[Your objective]: Would you reproduce each of the records below precisely, with the pictures left out?

____________________

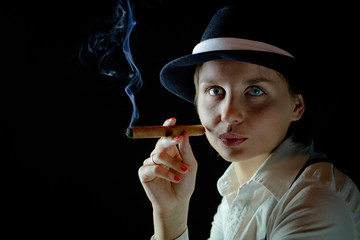 Obraz premium Woman in black hat with smoking cigar black background isolated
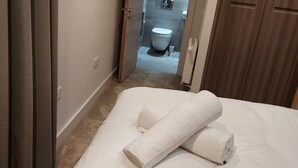 Una habitación de hotel con cama, baño visible a través de una puerta abierta y un armario de madera.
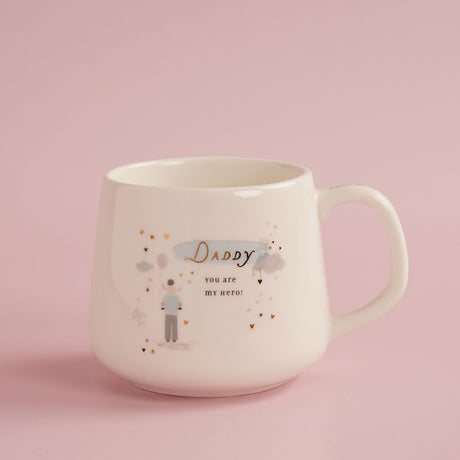 Cream stoneware mug with C-handle, printed Daddy you are my hero in gold script with dad carrying child, balloon, clouds and gold hearts, on pink background.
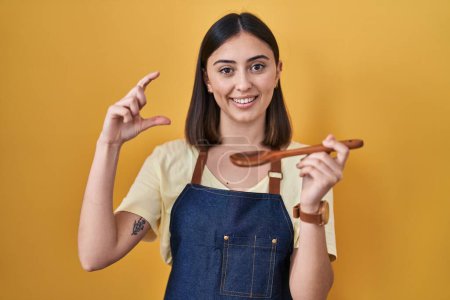 Photo for Hispanic girl eating healthy  wooden spoon smiling and confident gesturing with hand doing small size sign with fingers looking and the camera. measure concept. - Royalty Free Image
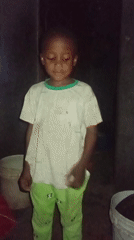 Child observed in poorly lit space with buckets nearby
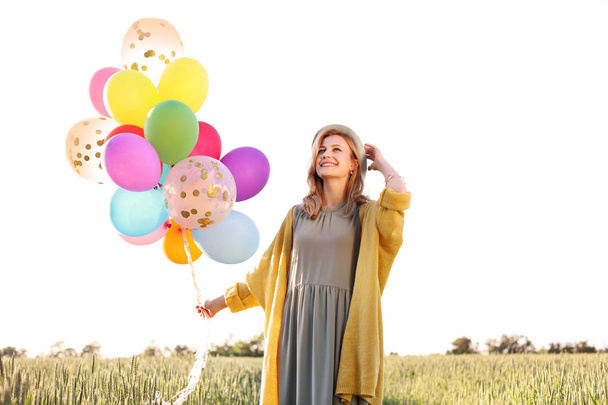 Młoda kobieta z kolorowych balonów na zewnątrz w słoneczny dzień - Zdjęcie, obraz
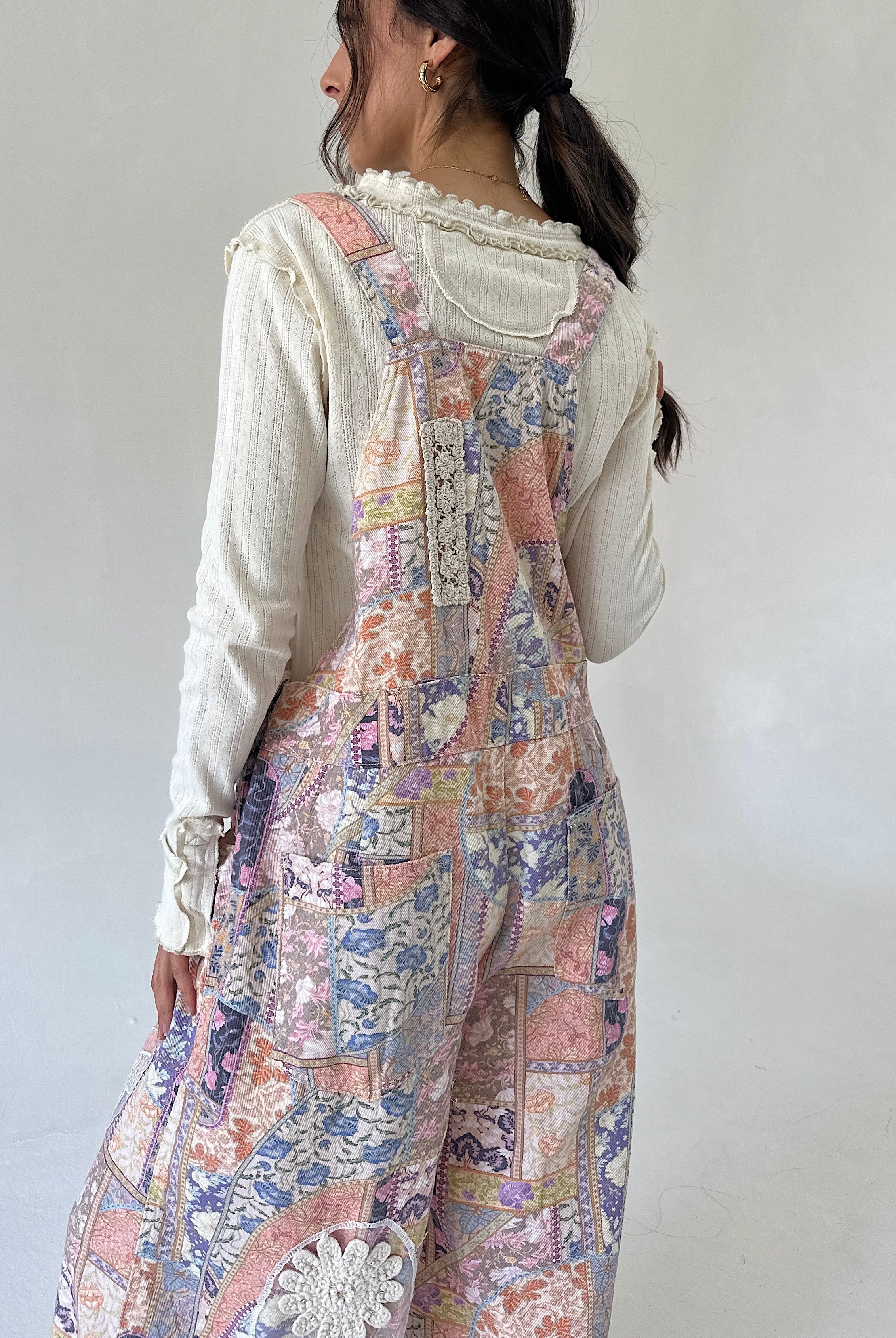 A woman shown from the back wearing a cream ribbed long-sleeve top layered under pastel patchwork overalls with floral and paisley prints in pink, blue, and beige.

____________________

[Answer section]:
 Obraz premium Woman in black hat with smoking cigar black background isolated
 Una habitación de hotel con cama, baño visible a través de una puerta abierta y un armario de madera.
 Cream stoneware mug with C-handle, printed Daddy you are my hero in gold script with dad carrying child, balloon, clouds and gold hearts, on pink background.
 Photo for Hispanic girl eating healthy  wooden spoon smiling and confident gesturing with hand doing small size sign with fingers looking and the camera. measure concept. - Royalty Free Image
 Child observed in poorly lit space with buckets nearby
 Młoda kobieta z kolorowych balonów na zewnątrz w słoneczny dzień - Zdjęcie, obraz
 A woman shown from the back wearing a cream ribbed long-sleeve top layered under pastel patchwork overalls with floral and paisley prints in pink, blue, and beige.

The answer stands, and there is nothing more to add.